• _WORK TO BE COMPLETED_:
Copy out the data below from the line containing "Used 2022 Nissan" to the line containing "MOTORRADSTRASSEN-Messestand - kostenlose", both lines included, with all images left out.

• _PROVIDED ENTRIES_:
◆ ◆ ◆ ◆ ◆ ◆ ◆

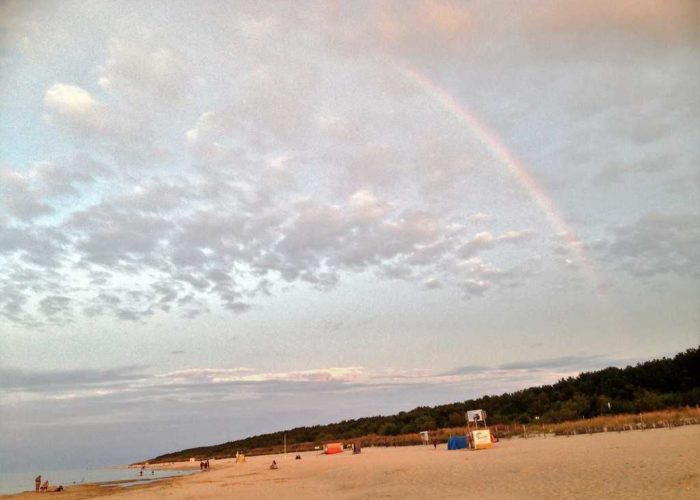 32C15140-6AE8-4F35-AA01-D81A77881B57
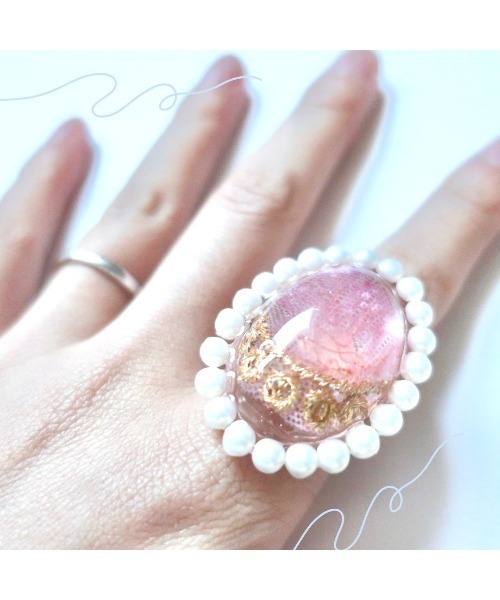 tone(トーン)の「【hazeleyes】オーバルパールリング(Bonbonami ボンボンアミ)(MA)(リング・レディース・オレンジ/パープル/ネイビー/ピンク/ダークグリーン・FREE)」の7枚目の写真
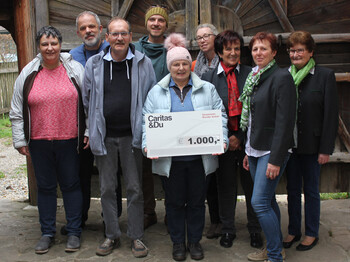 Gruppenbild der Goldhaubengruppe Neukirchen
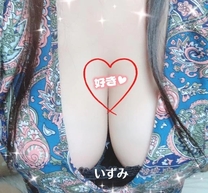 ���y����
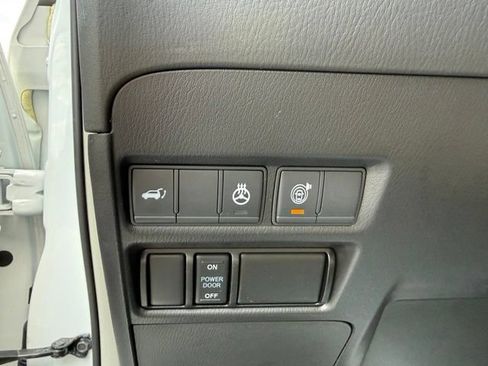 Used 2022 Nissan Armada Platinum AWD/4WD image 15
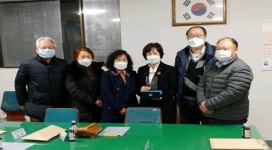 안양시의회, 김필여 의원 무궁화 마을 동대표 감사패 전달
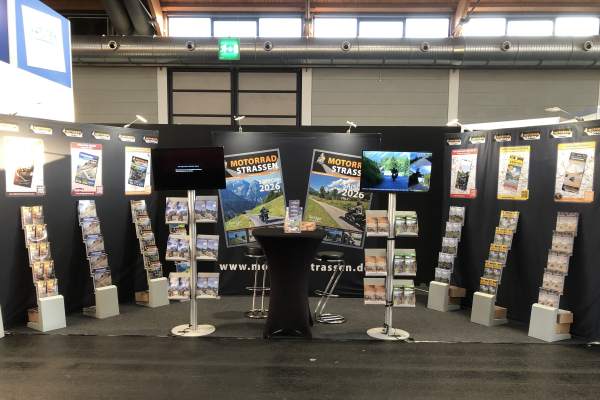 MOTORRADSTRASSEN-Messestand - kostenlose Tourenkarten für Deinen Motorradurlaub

◆ ◆ ◆ ◆ ◆ ◆ ◆

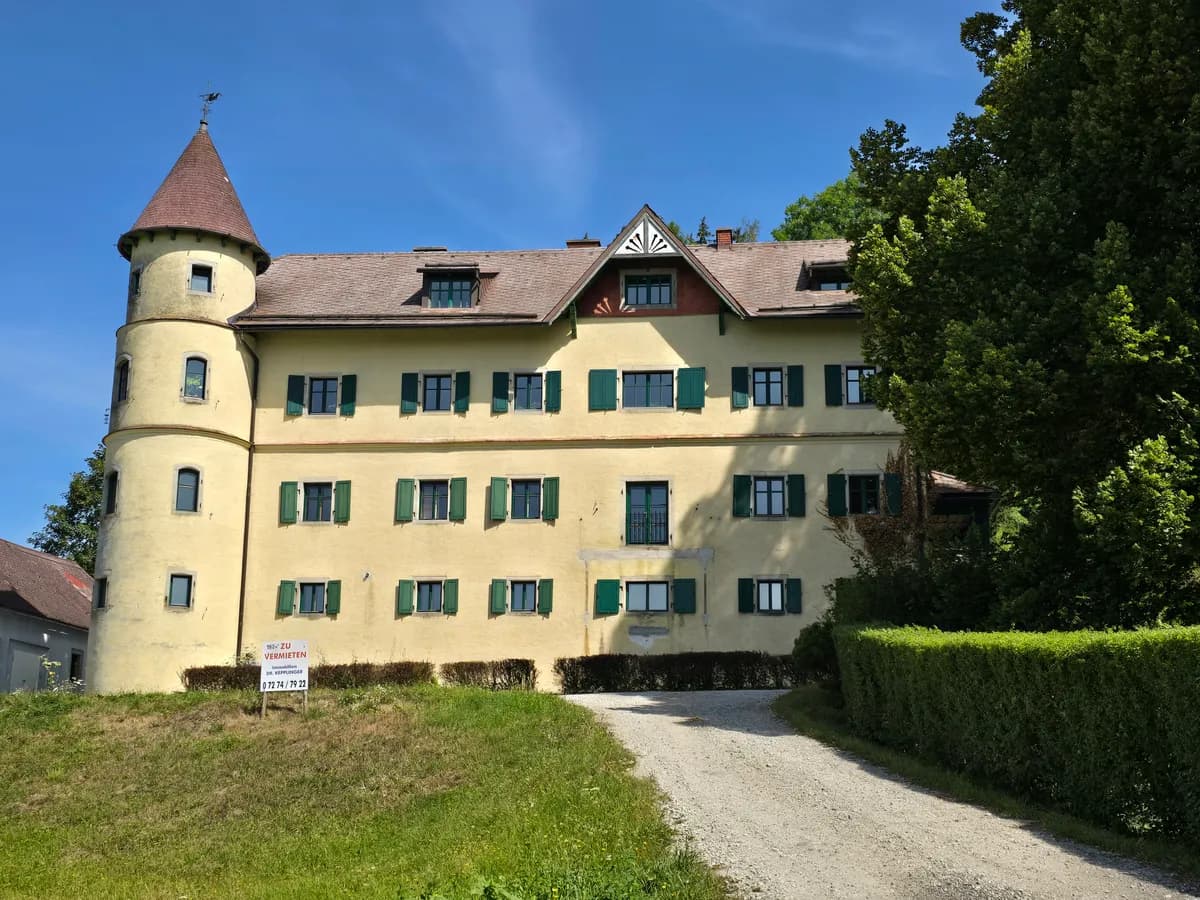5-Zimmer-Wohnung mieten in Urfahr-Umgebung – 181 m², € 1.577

◆ ◆ ◆ ◆ ◆ ◆ ◆

• _TASK OUTPUT_:
 Used 2022 Nissan Armada Platinum AWD/4WD image 15
 안양시의회, 김필여 의원 무궁화 마을 동대표 감사패 전달
 MOTORRADSTRASSEN-Messestand - kostenlose Tourenkarten für Deinen Motorradurlaub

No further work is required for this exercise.